The agencies made annual adjustments to cutoff amounts determining oversight eligibility under the Truth in Lending Act

The Consumer Financial Protection Bureau (CFPB) on Monday announced its joint rulemaking with the Federal Reserve Board and the Office of the Comptroller of the Currency (OCC) to determine new cutoff thresholds for oversight of loans under the Truth in Lending Act (TILA).

The agencies announced four total instances of new rulemaking. The first is a collaboration between CFPB, the Fed Board and OCC, increasing the threshold 4.5% from $31,000 to $32,400 for exempting loans from special appraisal requirements under the TILA Higher Priced Mortgage Loan Appraisal rule.

“The Dodd-Frank Act added special appraisal requirements for higher-priced mortgage loans, including that creditors obtain a written appraisal based on a physical visit to the interior of the home before making a higher-priced mortgage loan,” the CFPB explained.

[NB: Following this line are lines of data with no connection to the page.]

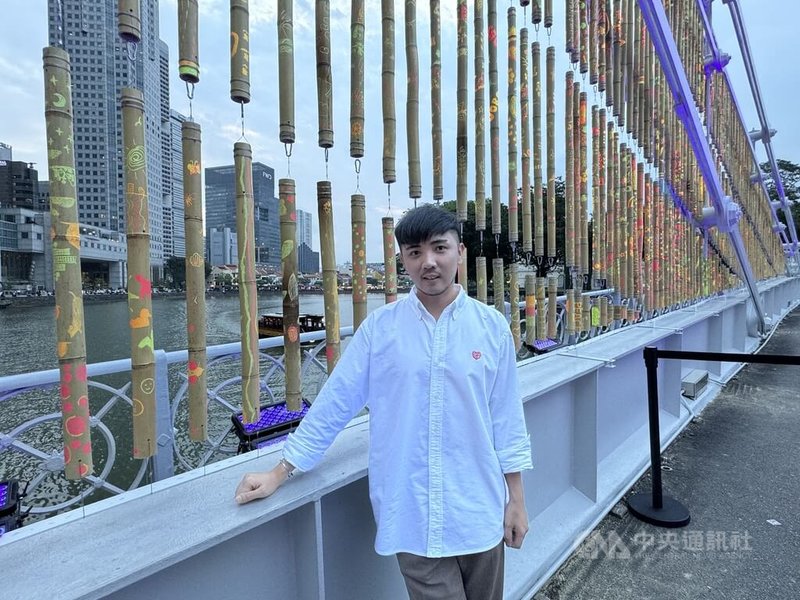 新加坡「照亮新加坡(i Light Singapore)」燈光節即將登場,新加坡市區重建局高級經理邱奕凱表示,展出作品特色多,期待吸引更多民眾前來觀賞。中央社記者吳昇鴻新加坡攝 114年5月27日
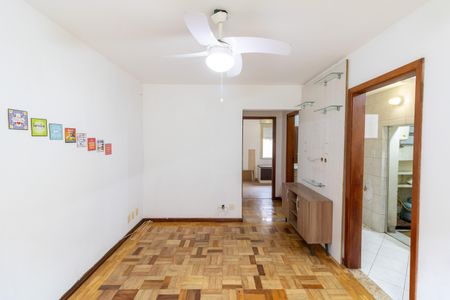 Sala de apartamento à venda com 2 quartos, 55m² em Jardim Botânico, Porto Alegre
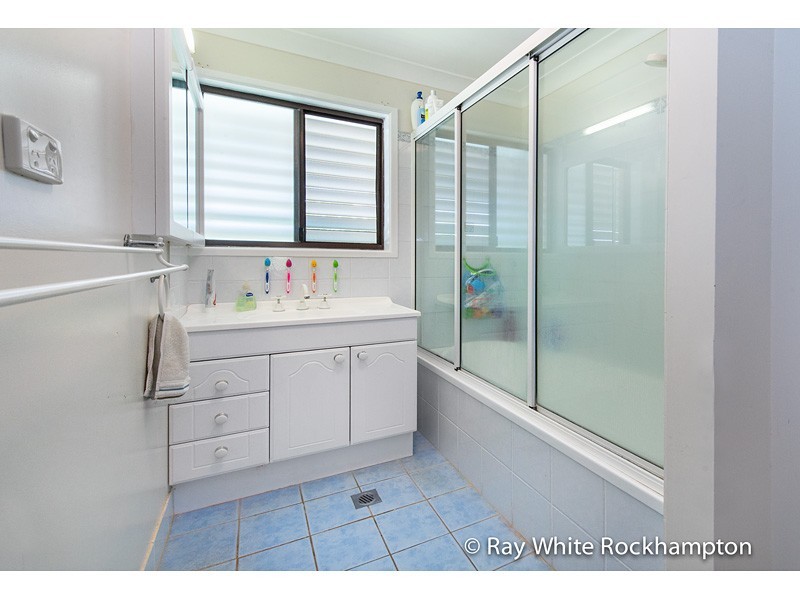 9 Leeds Avenue, Kawana QLD 4701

“The rules implementing these requirements contain an exemption for loans of $25,000 or less, adjusted annually to reflect [Consumer Price Index for Urban Wage Earners and Clerical Workers (CPI-W)] increases,” the Bureau added.

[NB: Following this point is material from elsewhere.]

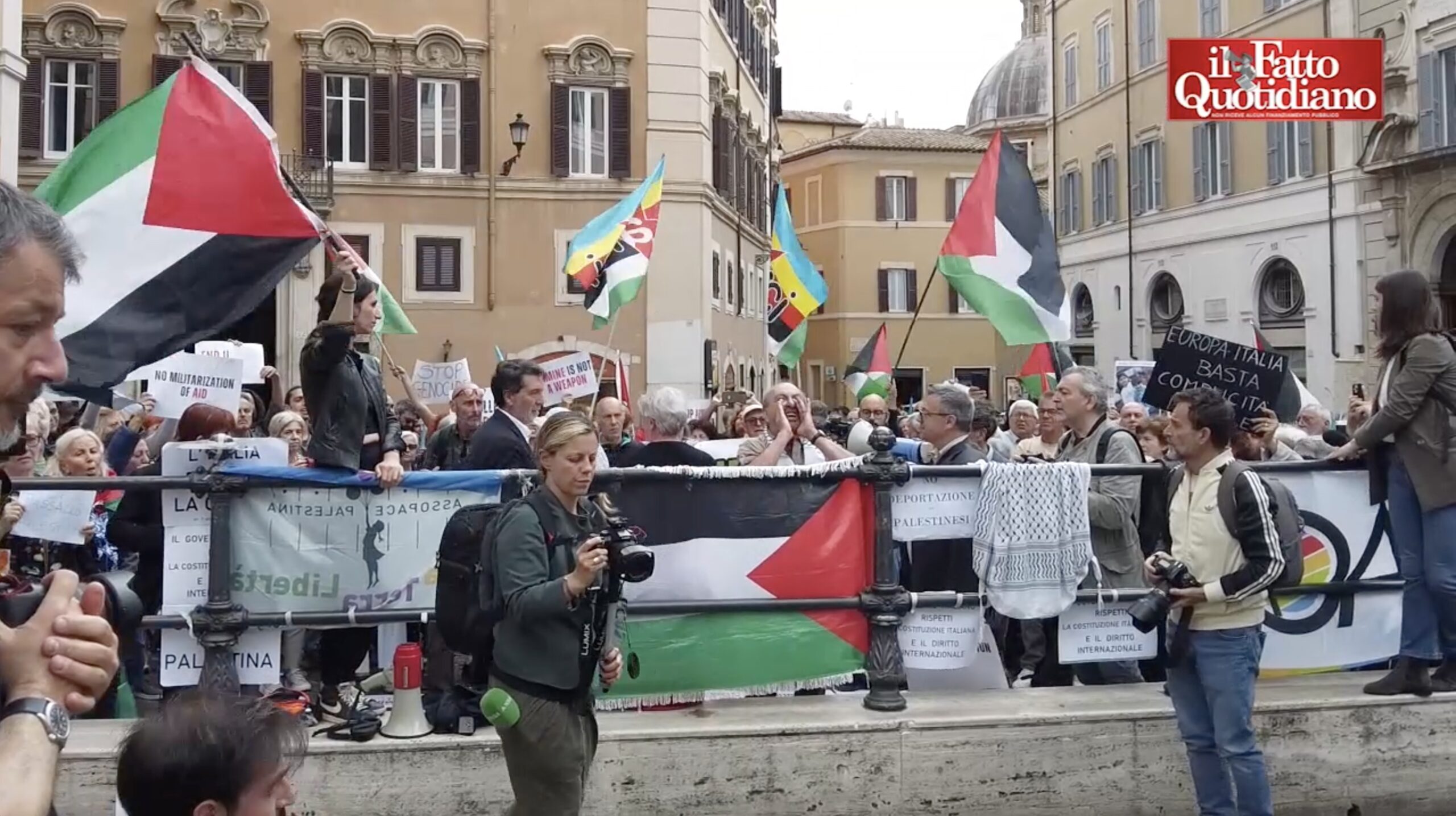 “Governo complice di Israele”: il sit-in pro Palestina a Montecitorio con Fratoianni e Conte. “Non ci fermeremo”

The second and third adjustments are between the CFPB and the Fed Board only. They “adjust the thresholds in Regulation Z and Regulation M for determining the exempt consumer credit transactions under TILA and the exempt consumer lease transactions under the Consumer Leasing Act,” CFPB said in an announcement.

For Regulations Z and M, the exemption threshold for both will increase from $66,400 to $69,500, an increase of roughly 4.6%. Both changes are effective Jan. 1, 2024.

The fourth and final adjustment is specific to the CFPB, and adjusts “the maximum amount consumer reporting agencies may charge consumers for making a file disclosure to a consumer” under the Fair Credit Reporting Act (FCRA).

Under this adjustment, the ceiling on allowable charges under the relevant section of FCRA will increase to $15.50 in 2024, or $1 more than the 2023 figure.

“By law, the agencies are required to adjust the thresholds annually based on the annual percentage increase in [CPI-W],” CFPB said in an announcement. “Transactions at or below the thresholds are subject to the protections of the regulations.”